The development of Mighty No. 9 has certainly been interesting to follow, but come this September, it’ll finally be done and released to the world. Given Keiji Inafune and Inti Create’s involvement, it’s impossible to talk about the project without mentioning Mega Man and the influence of the series on the game.
The first thing that I noticed during my recent demo hands-on was that it’s not as tough as the NES Mega Man games, but you can’t breeze your way through it either. Enemies require time and focus to take them out. You’ll be dodging attacks, learning patterns and getting your timings right to in order to succeed. The biggest surprise for me was the quick pace of the game. Traditionally, platformers like this want you to play it safe, to take your time and work out the best way to succeed—not the case here.

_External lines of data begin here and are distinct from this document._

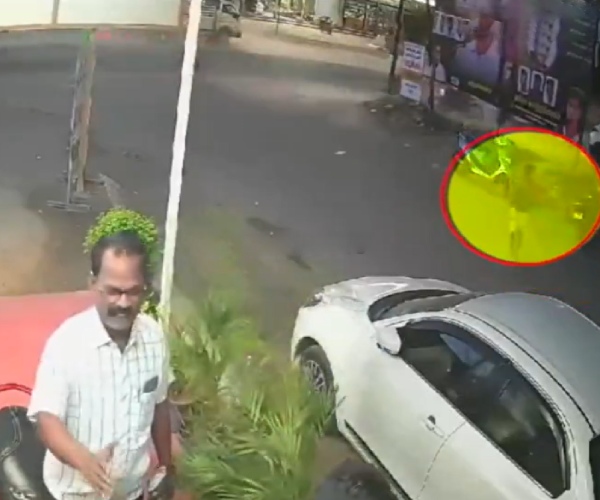 Vijay Kallakurichi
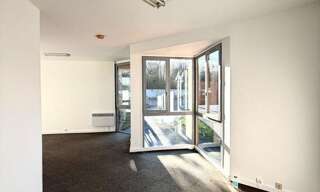 Bureau  34 m² à louer à Marcoussis (91460)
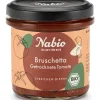 NABA Feinkost Bio-Aufstrich Bruschetta Best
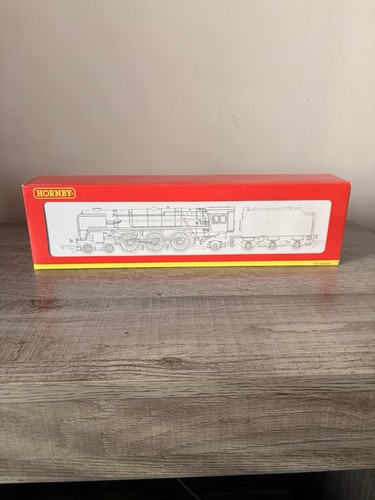 Hornby gauge r2104 6 2 - gauge,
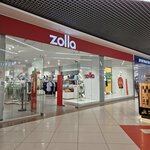 Zolla (Oktyabrskiy Avenue, 141к5), clothing store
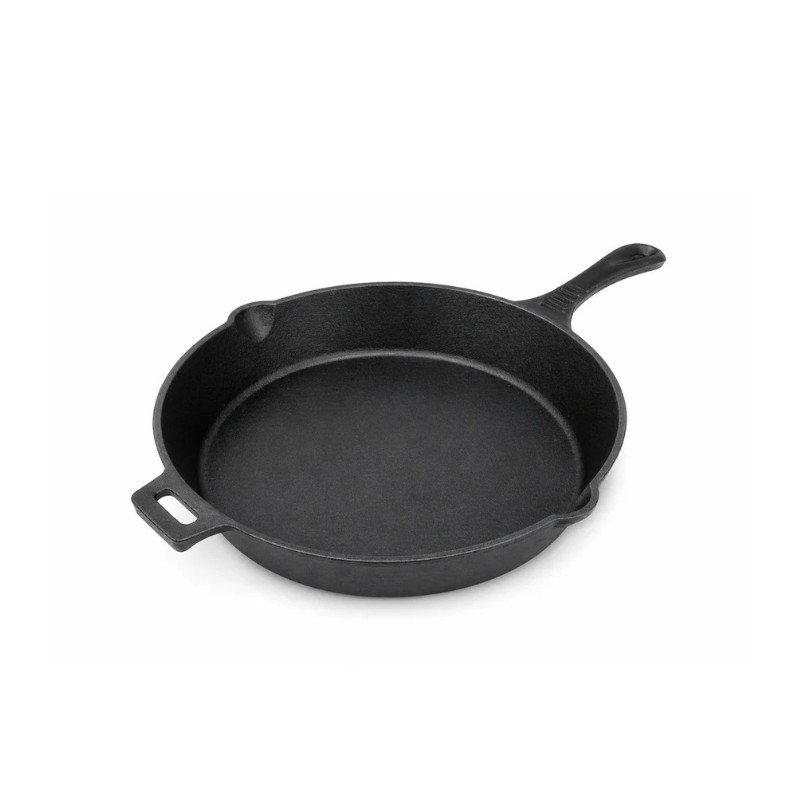 ROCA Cast Iron Skillet 10" | 25cm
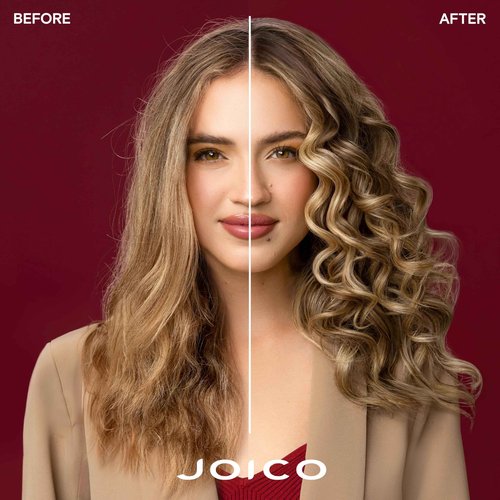 Joico K-PAK Color Therapy Color-Protecting Shampoo Conditioner Spray Set | For Color-Treated Hair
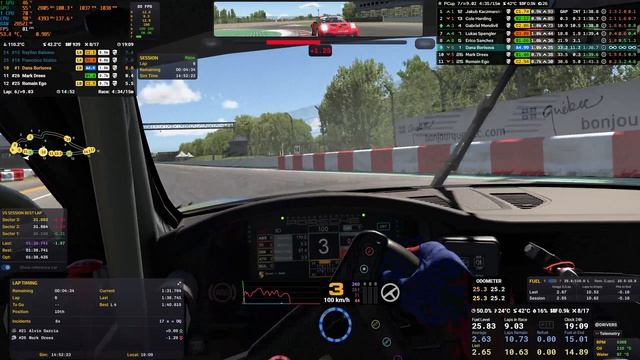 13th Week iRacing Porsche Cup [14-06-2026 18-47-00] - Circuit Gilles Villeneuve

One of Beck’s important moves is a dash ability. This is not only used to dodge and pass through small gaps, but also to absorb enemy abilities. While these abilities are not as grand as the moves Beck absorbs from bosses, they still provide small upgrades until they’re used up. You’ll be a little bit faster, a little bit stronger, depending on what you’ve absorbed. Some enemies can only be taken out by absorbing them and certain enemies seem to have weaknesses to specific upgrades as well.
Visually, the game has a simple but pleasant presentation. I saw a decent variety of enemies within the level, each their own moves and patterns. Despite the speedier pace, once you’re playing, it does feel like an NES platformer but with some modern paint and polish. I liked the attention to detail—like how when Beck is low on health, he’ll appear visibly tired.
Coming away from the game, I felt like it was pretty much what was I expecting: a spiritual sequel to Mega Man. Everything feels similar, the look and designs, level layouts, that corridor before the boss. While I’ve only had a very small taste of the game, I am left wondering if maybe an opportunity to be something more has been missed.